Zeer opmerkelijk is het echter, dat, terwijl van overheidswege in het geval van Gode-onterende alsmede van zede- en zielsverwoestende uitzendingen door de Regering niet wordt ingegrepen, de Minister verleden week wel de bestuursleden van de V.A.R.A. ter verantwoording heeft geroepen, en wel n.a.v. de uitzending van 24 februari, waarbij versieringen werden vertoond, die op het Amsterdamse boekenbal waren afgebeeld. Vooraf zij opgemerkt, dat wij in dezen de V.A.R.A. allerminst in bescherming willen nemen.
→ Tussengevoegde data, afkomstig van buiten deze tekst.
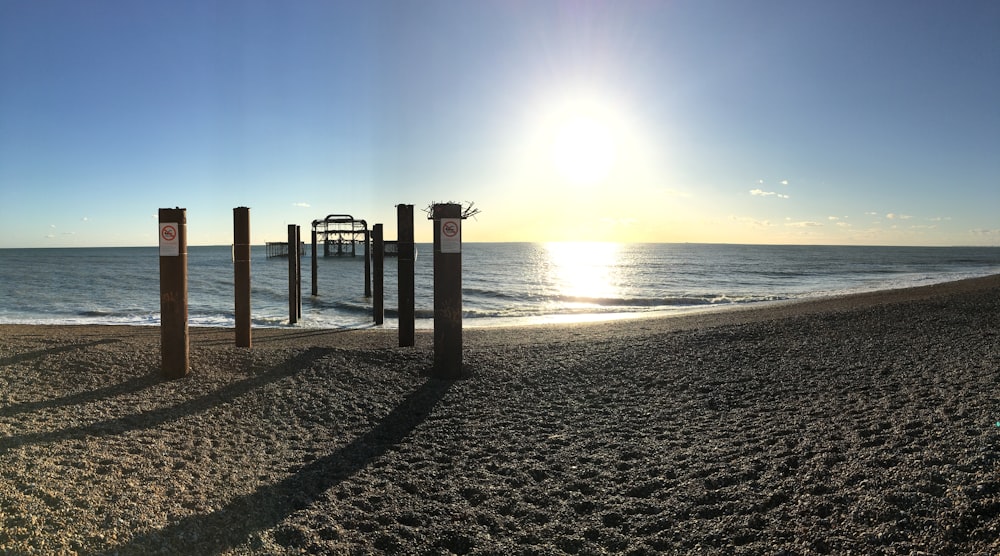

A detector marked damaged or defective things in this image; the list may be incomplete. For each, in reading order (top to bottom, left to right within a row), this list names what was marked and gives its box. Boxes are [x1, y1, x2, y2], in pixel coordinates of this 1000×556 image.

rusty metal post [159, 206, 190, 380]
rusty metal post [233, 208, 252, 348]
rusty metal post [398, 204, 414, 346]
rusty metal post [430, 202, 460, 380]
Ook wij keuren integendeel dergelijke uitzendingen af, maar wel komen wij op tegen het meten met twee maten, zoals hierbij te konstateren valt. Wij dringen er dan ook ten sterkste bij de Minister op aan, niet alleen op te treden t.a.v. uitzendingen waarover de pauselijke internuntius zich bij Minister Luns heeft beklaagd, maar ook t.a.v. andere uitzendingen waarin de zeden worden ondergraven en God door gevloek en lasteringen in Zijn eer wordt aangetast, in het laatste geval zelfs sterker en krachtiger, waar het hier de allerhoogste Majesteit betreft.
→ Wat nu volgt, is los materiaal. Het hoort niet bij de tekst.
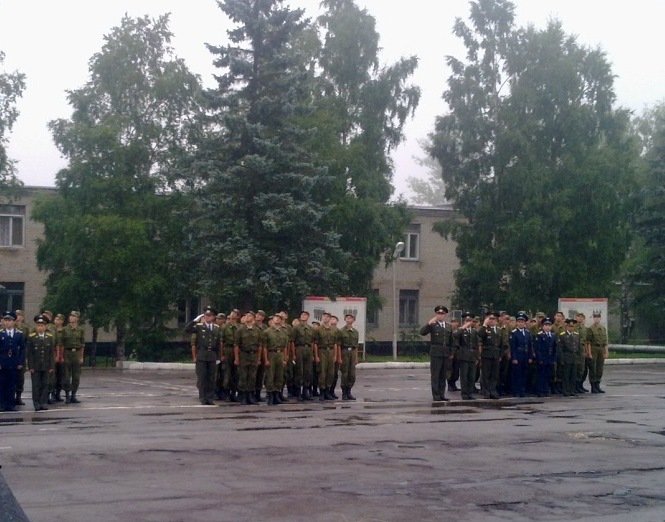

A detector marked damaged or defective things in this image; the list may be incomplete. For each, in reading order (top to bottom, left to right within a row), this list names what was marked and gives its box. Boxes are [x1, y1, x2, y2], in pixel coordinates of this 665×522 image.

cracked asphalt [1, 362, 664, 520]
Ook over de lektuur en speciaal de pornografie had de fraktie ernstige bezwaren, inzonderheid tegen wat de N. V.S.H, op dit gebied produceert en presteert.

Met de lektuur is het heden ten dage al even bedroevend gesteld als met bepaalde uitzendingen via de radio en de t.v. Schrijvers van boeken waarin godslasteringen en zedenverwording schering en inslag zijn, worden door de Regering met subsidies en staatsprijzen bedeeld. Ook de berucht geworden N.V.S.H, wordt met honderdduizenden uit de staatskas gesubsidieerd. En dat, terwijl door deze vereniging lektuur verkrijgbaar wordt gesteld, die een beslist pornografisch karakter draagt. Niet lang geleden werd procesverbaal tegen deze instelling opgemaakt, terwijl twee drukkerijen hebben geweigerd, bepaalde nummers van het orgaan van de N.V.S.H. te drukken vanwege de pornografische inhoud.

En verleden week vermeldden de dagbladen, dat de N.V.S.H. van de Utrechtse politierechter en de officier van justitie te Utrecht een sterk afkeurende terechtwijzing heeft gekregen over een koUektie prenten, die met toestemming van het hoofdbestuur van de N.V.S.H. tijdens de tweede „Flight to lowlands paradise" in de N.V.S.H .-stand op de Jaarbeurs waren opgehangen. De officier zei hiervan:

„Deze expositie stelde niets anders voor dan een poging tot grondige kultuurvernietiging, tot nihilisme en anarchie".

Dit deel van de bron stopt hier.